Panic mode recovery has the following advantages:

  • It is easy to implement, helping to remove syntax errors.
     
  • If there are fewer errors in the statement, it is the best choice.
     
  • It can never be hindered by falling into loop traps.

Panic Mode Recovery in  LL(1) Parser

The Panic mode recovery used in a non-recursive parser uses the following steps.

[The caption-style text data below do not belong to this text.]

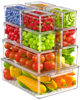 Picture of KEMETHY 11 Pack Refrigerator Organizers and Storage, Stackable Fridge Organizer Bins, BPA-Free Clear Plastic Fruit Storage Containers for Fridge, Kitchen, Fruits, Drinks, Produce, Vegetable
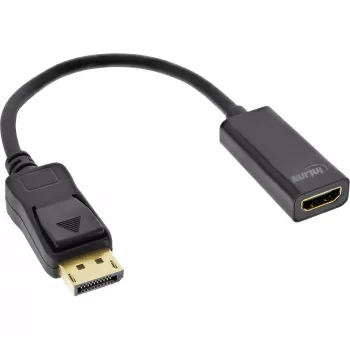 InLine DisplayPort na HDMI adaptér s audiom, DisplayPort samec / HDMI samica, 4K/60Hz
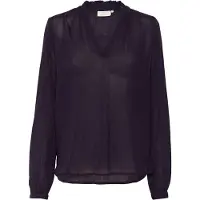Kaffe Blusa 'KA Amber' roxo escuro
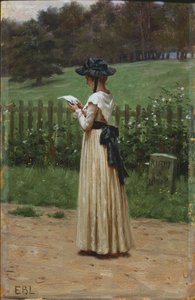 Milostný dopis od Edmund Blair Leighton
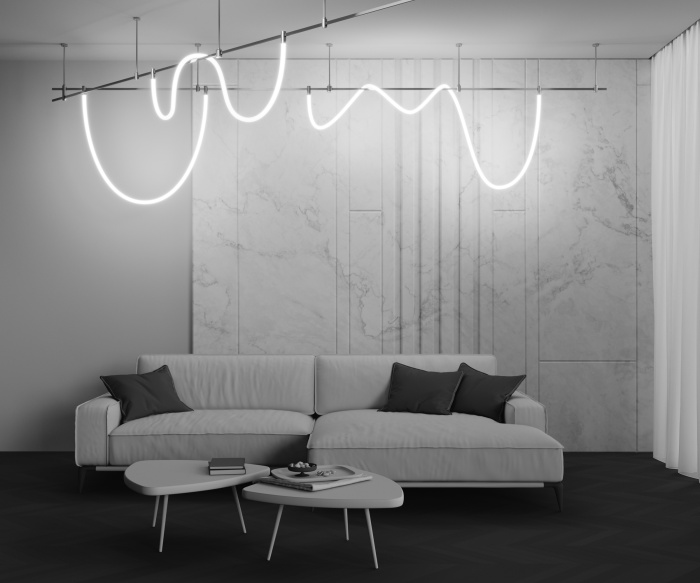 Трековый светильник Maytoni Tau TR154-1-27W3K-PT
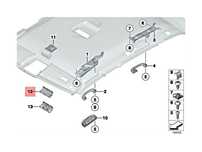 Capac ornament interior plafon trapa panoramica BMW Seria 3 2005-> E90
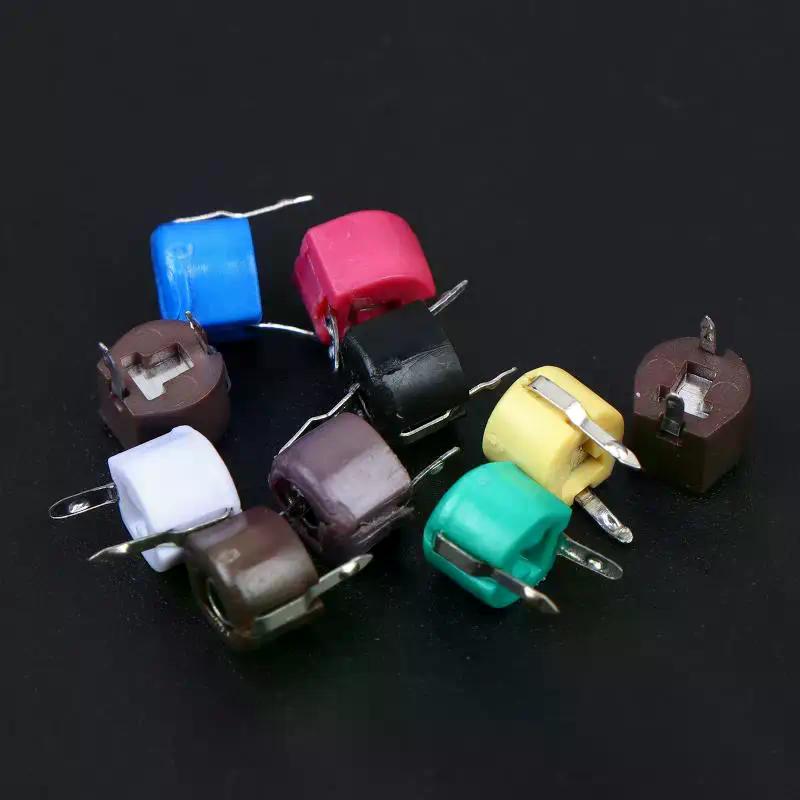 Latest Adjustable Capacitor Plastic Trimmer 3PF 5PF 10PF 20PF 30PF 40PF 50PF 60PF 70PF 120PF Adjustable Variable Capacitor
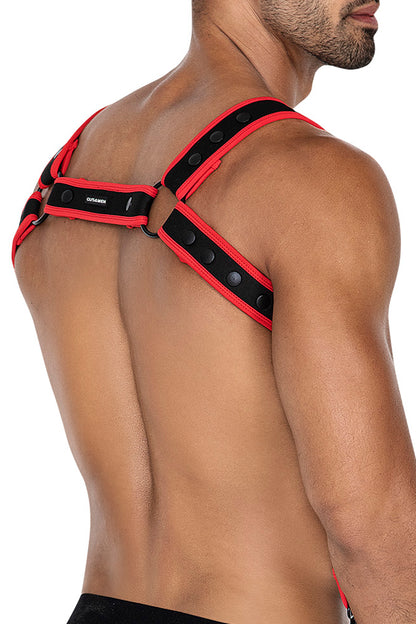 black/red chest harness 05 - OS-2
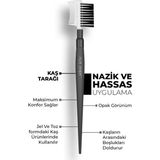 Alix Avien ALIX Kaş Tarağı - Eyebrow Comb Nazik ve Hassas Uygulama İçin Opak Görünüm Sağlar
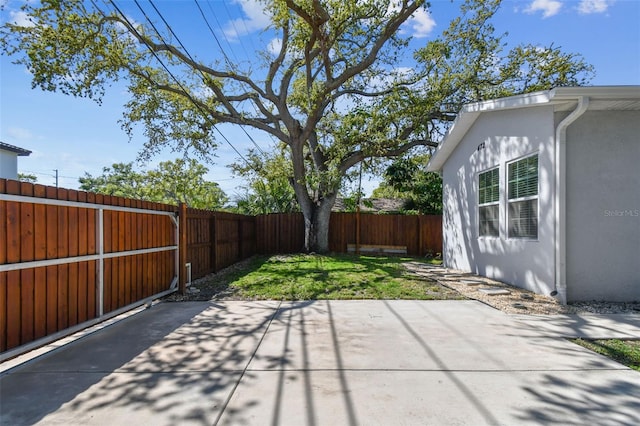 view of patio / terrace featuring a fenced backyard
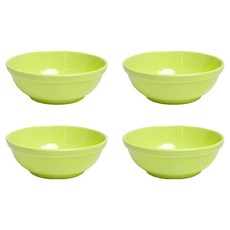 LIVING MATE 美耐皿 團體膳食 標準型 湯碗 14.2 x 5.3 cm, 粉彩淺綠, 4個, 單品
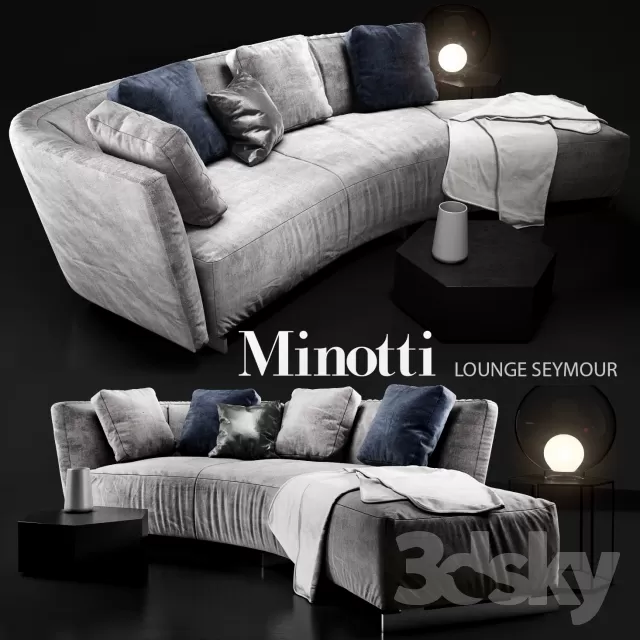 3DSKYFREE – FURNITURE - SOFA 3DS MAX MODELS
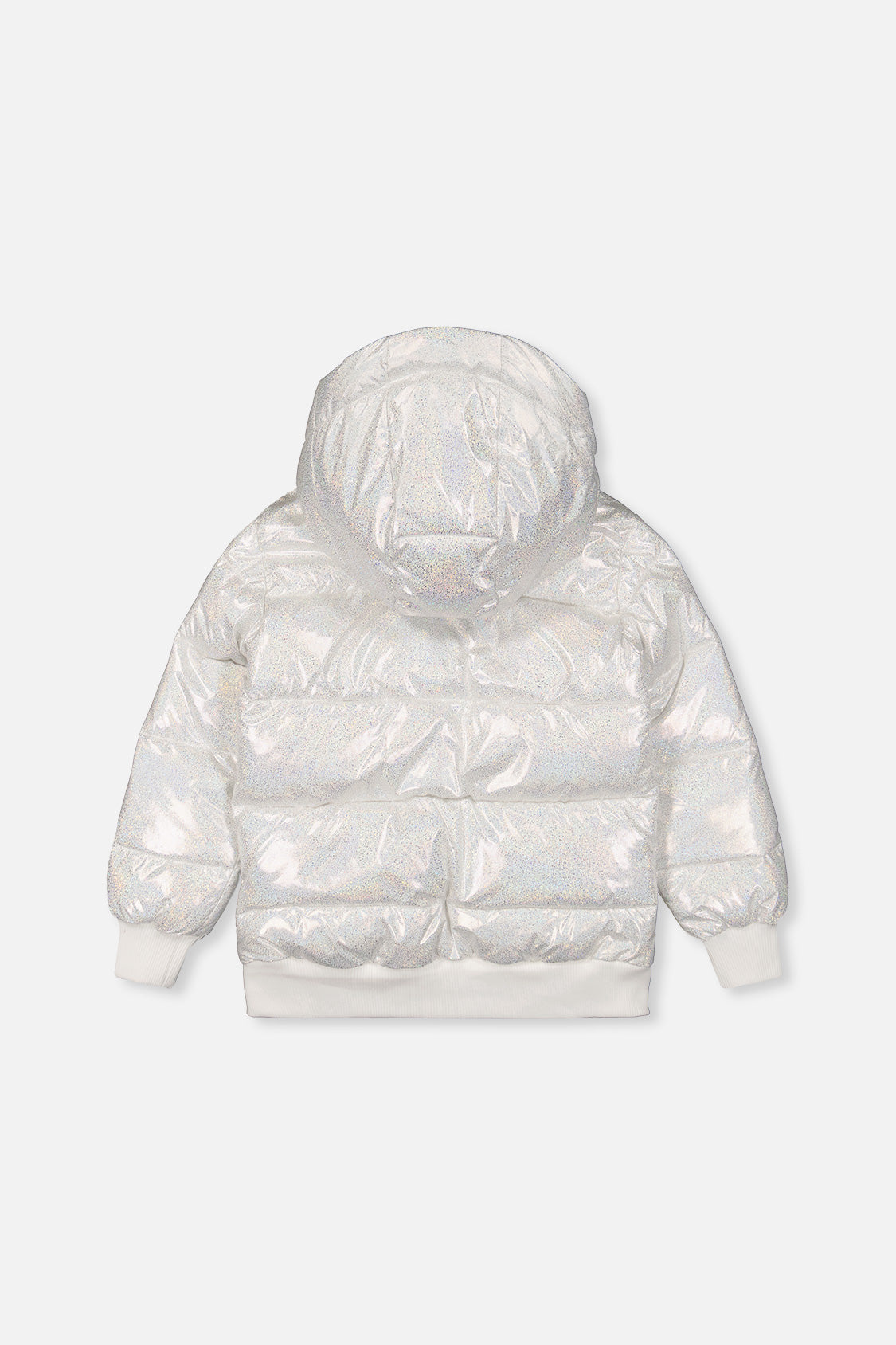 Winter Puffy Jacket White Glitter - Image 3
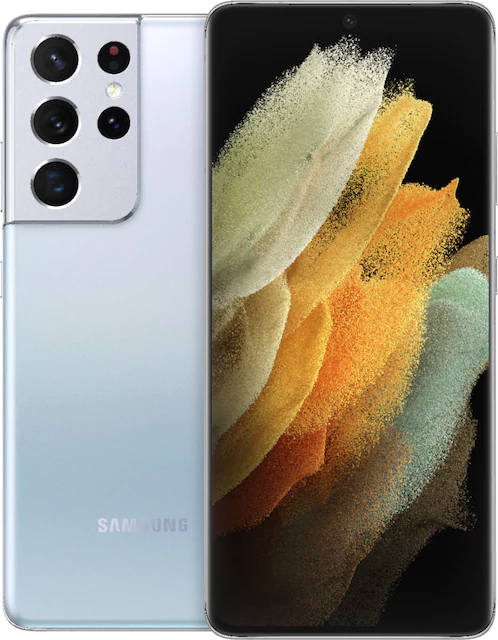 Samsung - Galaxy S21 Ultra 5G 128GB - Phantom Silver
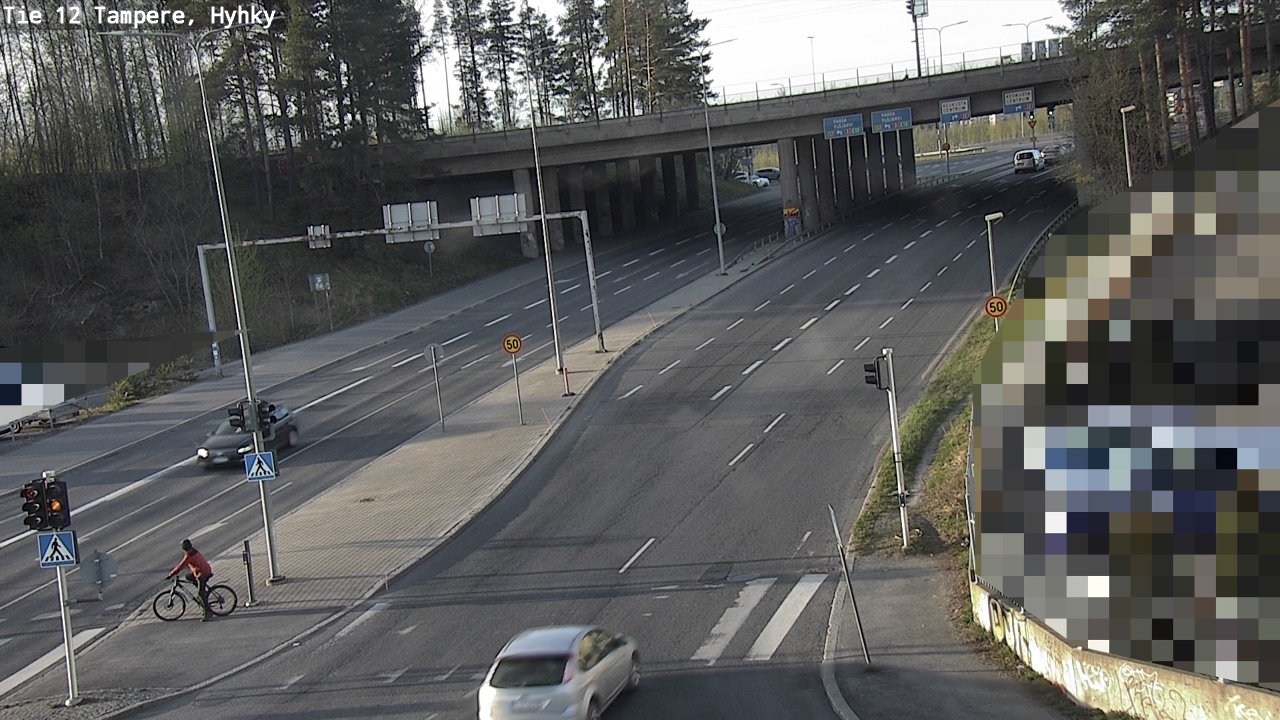 Weather Camera Image Road 12 Tampere, Hyhky, Tampere, Pirkanmaa
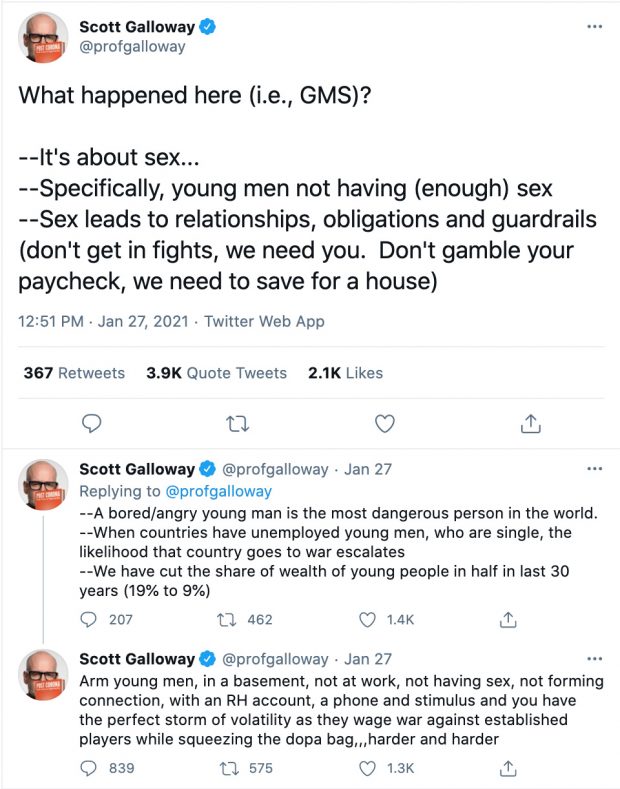 Scott Galloway @profgalloway GameStop Robinhood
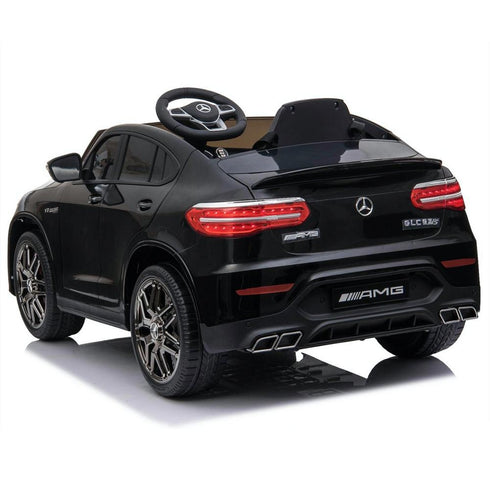 Mercedes GLC 63S AMG Ride On Car coupe 12V with LEATHER seat, EVA tyres and MP4 - Black
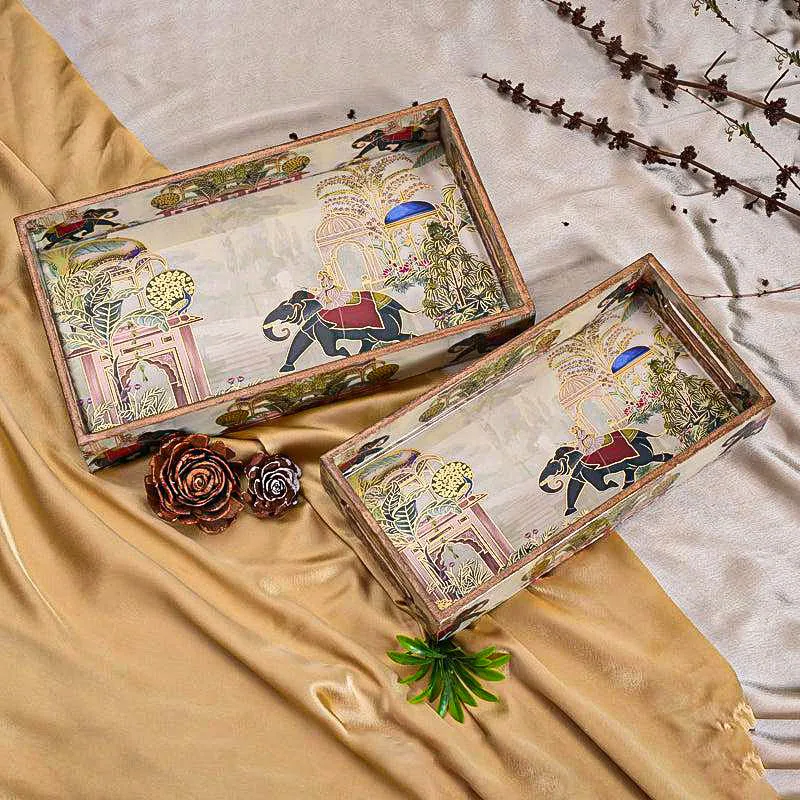 Hastina Wood Serving Tray (Medium & Small) - Set Of Two media 6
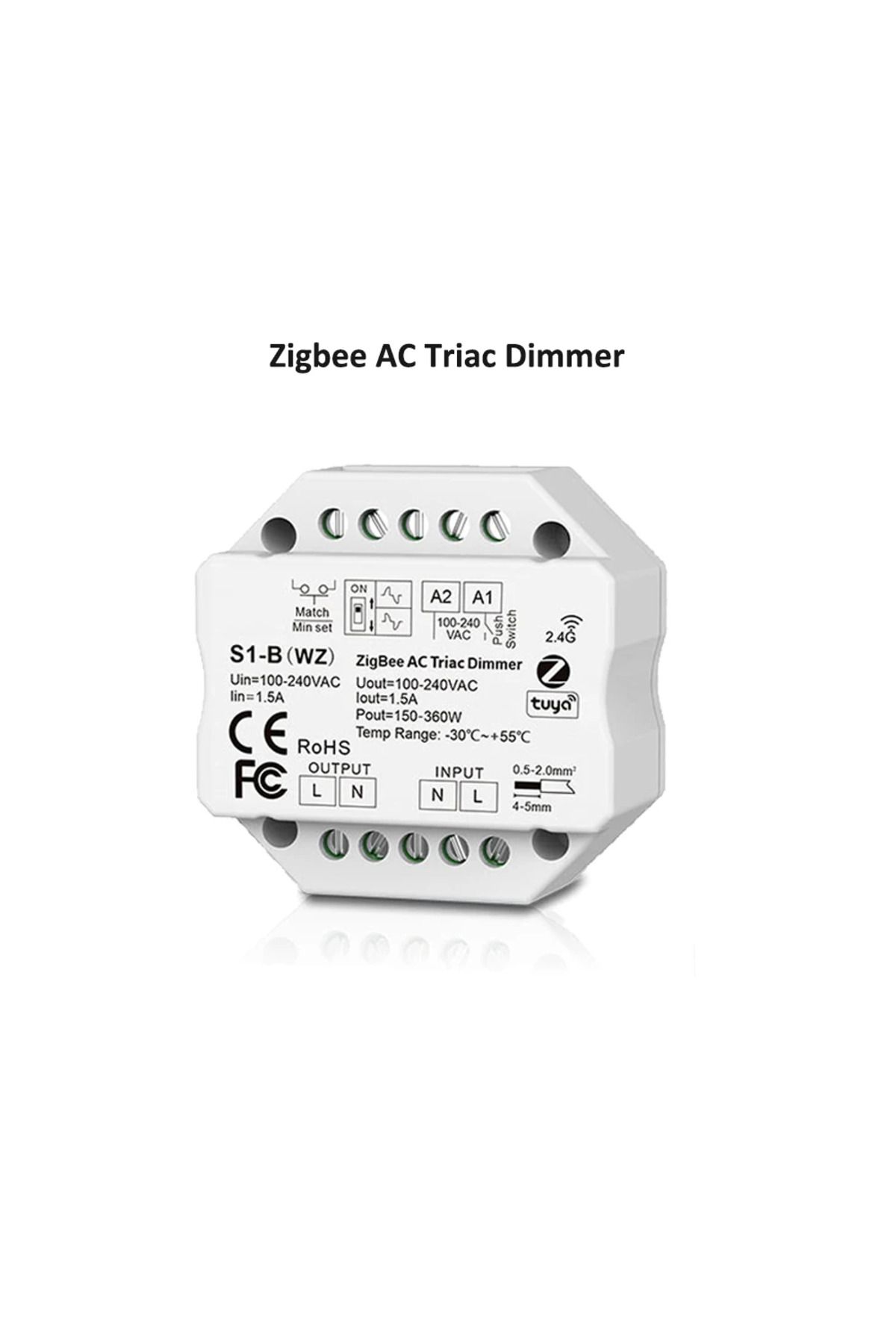 Choice-S1-b(WZ) S1-b Tuya Zigbee Rf Ac Triac Dimmer Led Controller Push Switch Control 110v 220v 230v Smart 1
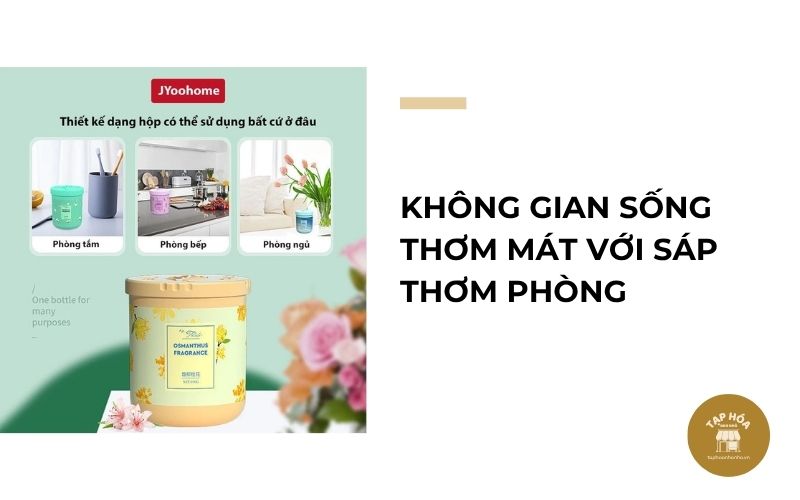 Không gian sống thơm mát với sáp thơm phòng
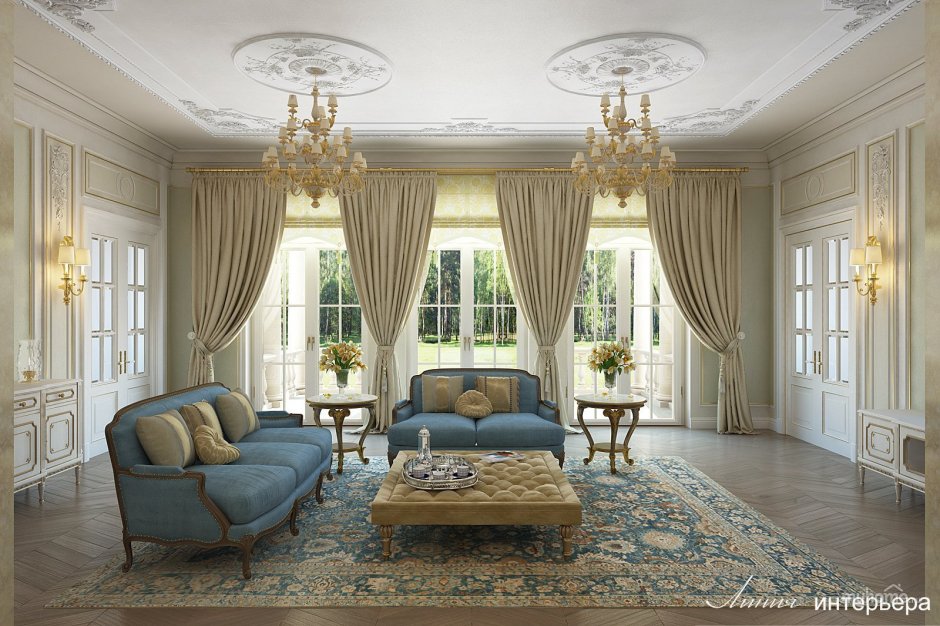 Стиль классика в интерьере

  • We pop the terminal from the stack when the non-terminal tends to epsilon or when the LL(1) lookup table says POP.
     
  • Discard the terminal from the string when the LL(1) lookup table says SCAN.
     

Consider the following grammar.

E → TE’

E’ → +TE’ | -TE’ | e

T → FT’

T’ → *FT’ | /FT’ | e

F → GG’

G →  %F | e

G → (E) | id 

Consider e as epsilon here.

Now we find the first and follow of the above expressions.

First

Expression

Follow

{(, id} E → TE’ {$, )}
{+, -, e} E’ → +TE’ | -TE’ | e {$, )}
{(, id} T → FT’ {+, -, $, )}
{*, /, e) T’ → *FT’ | /FT’ | e {+, -, $, )}
{(, id} F → GG’ {*, /, +, -, $, )}
{%, e} G →  %F | e {*, /, +, -, $, )}
{(, id} G → (E) | id  {%, *, /, +, -, $, )}

Now, we construct a LL(1) parsing table for the above expression considering the panic mode recovery. The SCAN here refers to discarding the element while parsing. The POP here refers to the Popping of the first element of the parsing stack.

 

(

)

+

-

*

/

%

id

$

E

E→TE’ POP SCAN SCAN SCAN SCAN SCAN E→TE’ POP

E’

SCAN E’→e E’→+TE’ E’→+TE’ SCAN SCAN SCAN SCAN E’→e

T

T→FT’ POP POP POP SCAN SCAN SCAN T→FT’ POP

T’

SCAN T’→e T’→e T’→e T’→*FT’ T’→/FT’ SCAN SCAN T’→e

F

F→GG’ POP POP POP POP POP SCAN F→GG’ POP

G’

SCAN G’→e G’→e G’→e G’→e G’→e G’→%F SCAN G’→e

G

G→(E) POP POP POP POP POP POP G→id POP

From the above-created table, we can parse any input string. For any syntax error generated, the parser can handle it using the panic mode recovery.

Example- Input String * ) $

Consider the parsing stack as above.

We now proceed as

  • T is matched with the first element of the string * ) $.
     
  • The table value for row E and column * is SCAN. Therefore we discard the element *.
     
  • Now stack top has T and input has ) as the first element. The match is looked at in the table. It is POP, so the stack's first element is popped. T is popped out.
     
  • The top stack element is E', and the element is ). The match is looked at in the table. It is E’→e. The current stack top is replaced with e. Since e is epsilon, the stack's top element is ).
     
  • The top stack element is ), and the element is ). Here both non-terminals are the same. Therefore, the stack is popped once, and the parser moves to the next string element.
     
  • The top stack element is T', and the element is $. The match is looked at in the table. It is e; therefore, the stack is popped once.
     
  • The top stack element is E', and the element is $. The match is looked at in the table. It is e; therefore, the stack is popped once.
     
  • The top stack element is $, and the element is $. Since both matches, the stack is popped. Now the stack is empty, and the input string is parsed. Therefore the parsing is done considering the panic mode recovery.

Frequently Asked Questions

What are the syntax errors?

These are the errors that occur when the source code of a program is found to violate the rules of defined syntax for a programming language. The compiler detects such errors during the parsing phase.

What is error recovery in compiler design?

Error recovery in compiler design refers to the process wherein a compiler tends to recover after an error has been encountered. Recovery can include either discarding or addition of some portion of code.

Can a compiler detect all the errors?

The compiler can detect and recover from many errors but not all. The runtime error can be one such error that passes the compilation but fails during the runtime. Some semantic errors are also not detected during compilation time.

Conclusion

In this article, we discussed and learned about panic mode recovery in compiler design. We saw types of errors in compiler design and particularly talked about syntax errors. We learned the working of panic mode recovery. Lastly, we discussed a detailed example of an LL(1) parser using panic mode recovery in compiler design.